First find the line with "3017 Warder Street", then reproduce it and all following lines of the data to the end, exactly and with no pictures, adding nothing.
[Material provided]
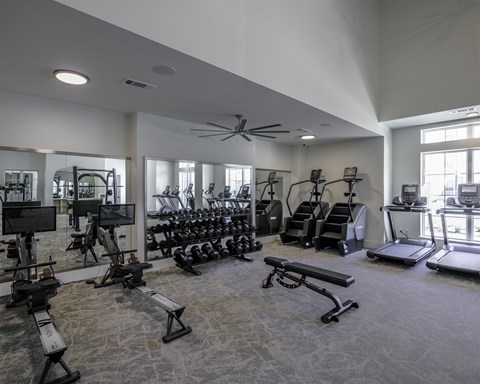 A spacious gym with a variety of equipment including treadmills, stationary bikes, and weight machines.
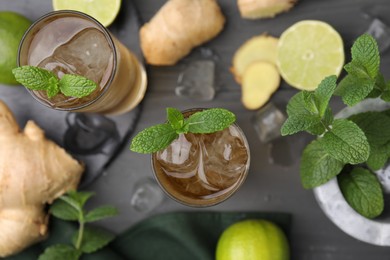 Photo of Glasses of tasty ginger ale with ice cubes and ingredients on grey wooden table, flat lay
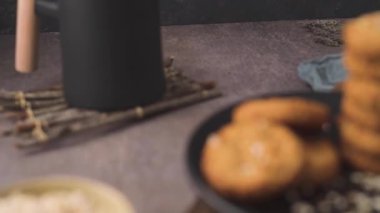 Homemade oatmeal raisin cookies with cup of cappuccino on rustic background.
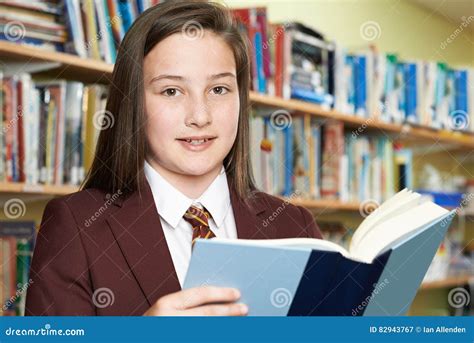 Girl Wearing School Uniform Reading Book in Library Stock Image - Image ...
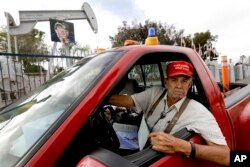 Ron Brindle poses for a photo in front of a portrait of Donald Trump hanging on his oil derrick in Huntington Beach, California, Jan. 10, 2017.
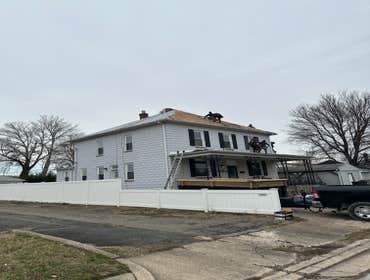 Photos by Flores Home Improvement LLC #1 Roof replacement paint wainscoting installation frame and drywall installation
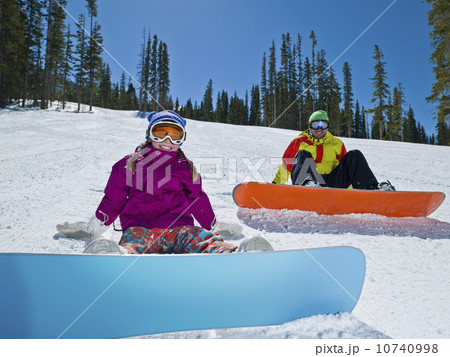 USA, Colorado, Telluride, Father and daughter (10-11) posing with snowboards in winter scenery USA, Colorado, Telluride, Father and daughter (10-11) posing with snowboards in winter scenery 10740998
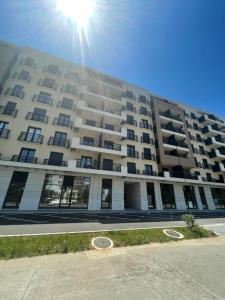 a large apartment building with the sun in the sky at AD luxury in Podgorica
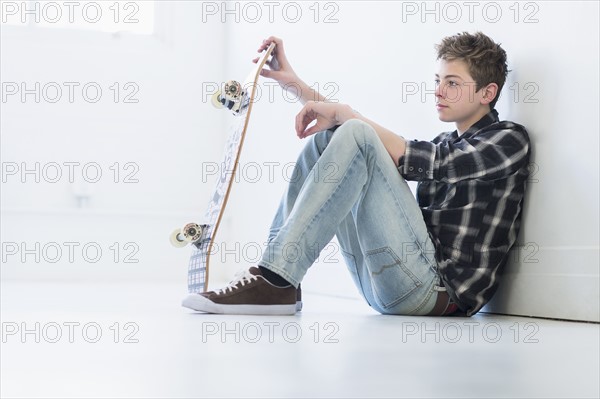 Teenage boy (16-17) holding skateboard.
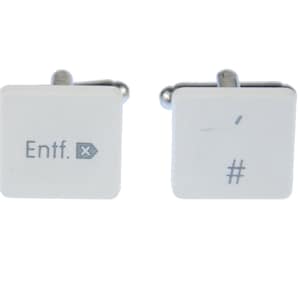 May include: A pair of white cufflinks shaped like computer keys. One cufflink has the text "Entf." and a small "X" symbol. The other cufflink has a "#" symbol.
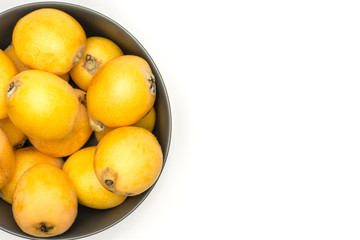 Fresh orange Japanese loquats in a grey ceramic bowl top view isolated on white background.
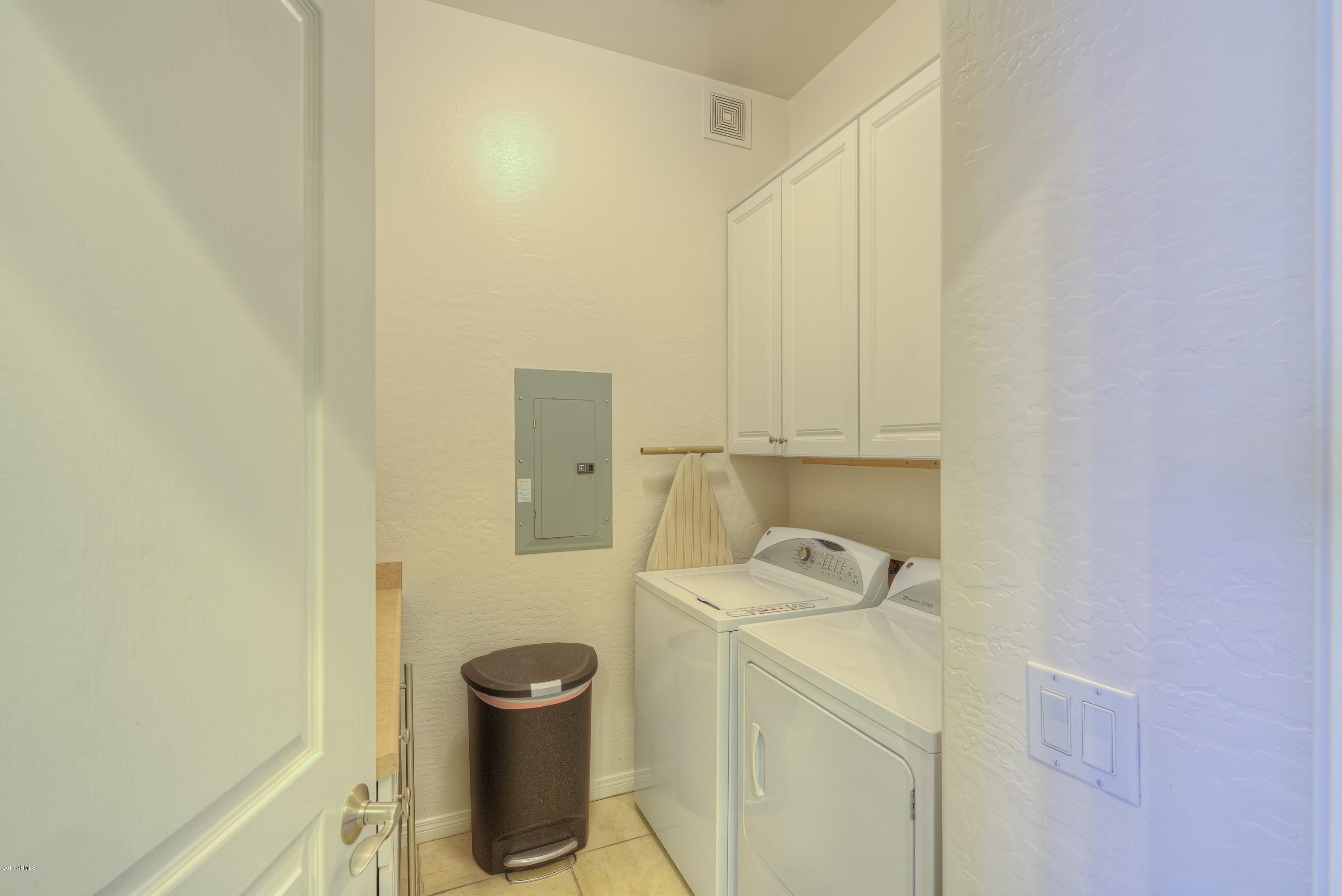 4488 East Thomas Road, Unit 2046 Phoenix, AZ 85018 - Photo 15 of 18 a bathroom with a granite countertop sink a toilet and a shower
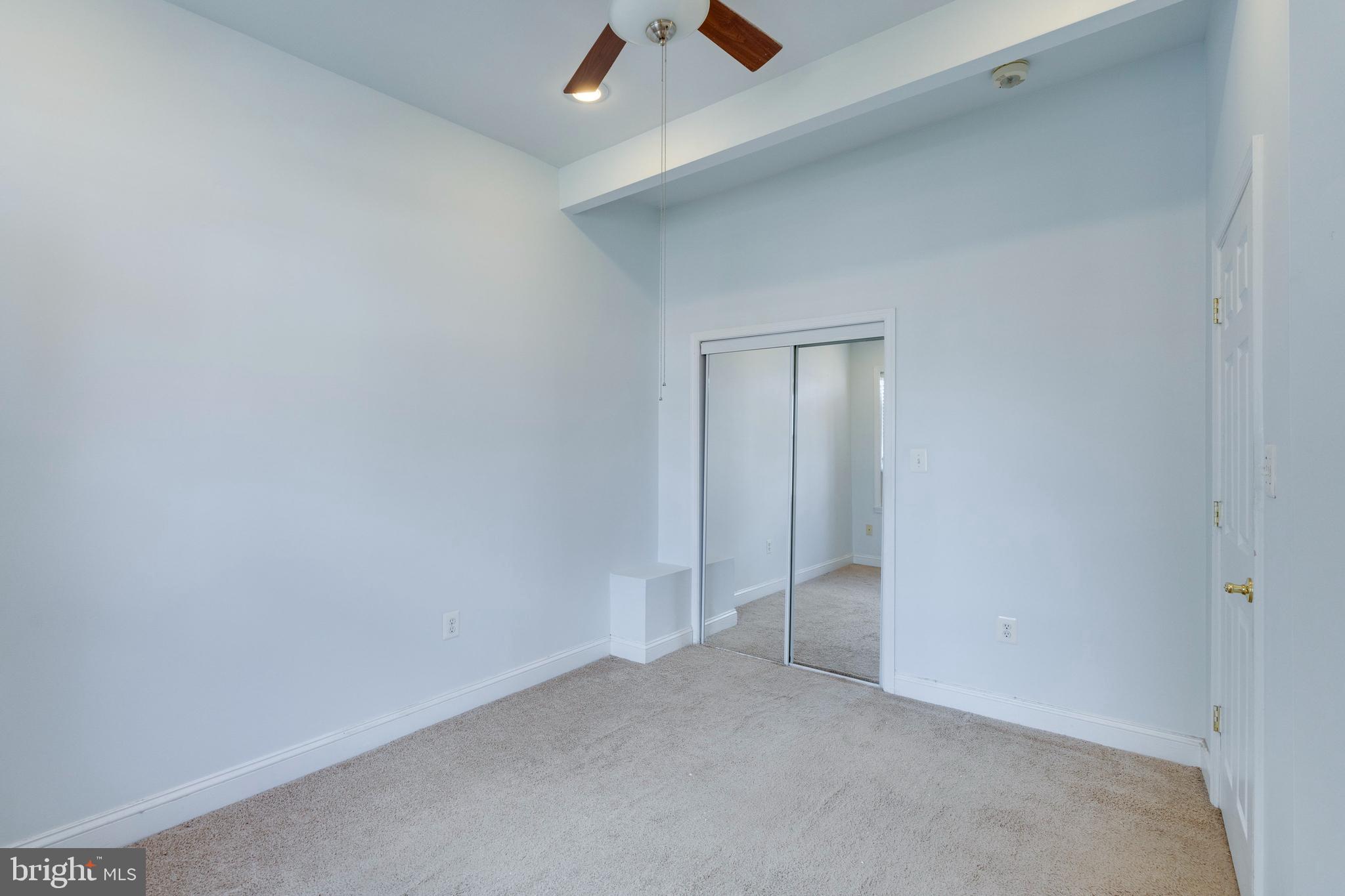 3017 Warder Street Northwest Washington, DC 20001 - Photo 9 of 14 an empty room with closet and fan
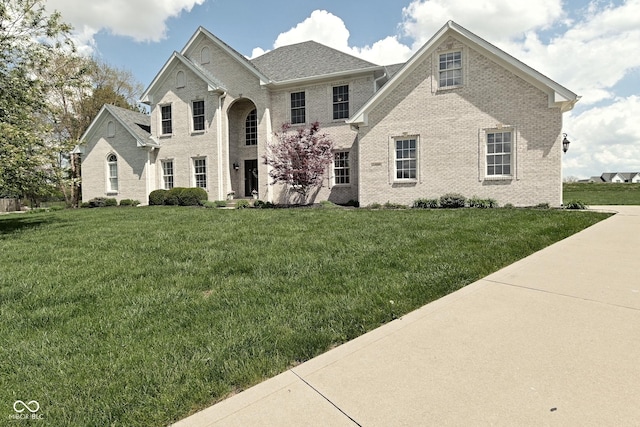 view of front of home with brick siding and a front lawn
[/Material provided]
**Answer box**
 3017 Warder Street Northwest Washington, DC 20001 - Photo 9 of 14 an empty room with closet and fan
 view of front of home with brick siding and a front lawn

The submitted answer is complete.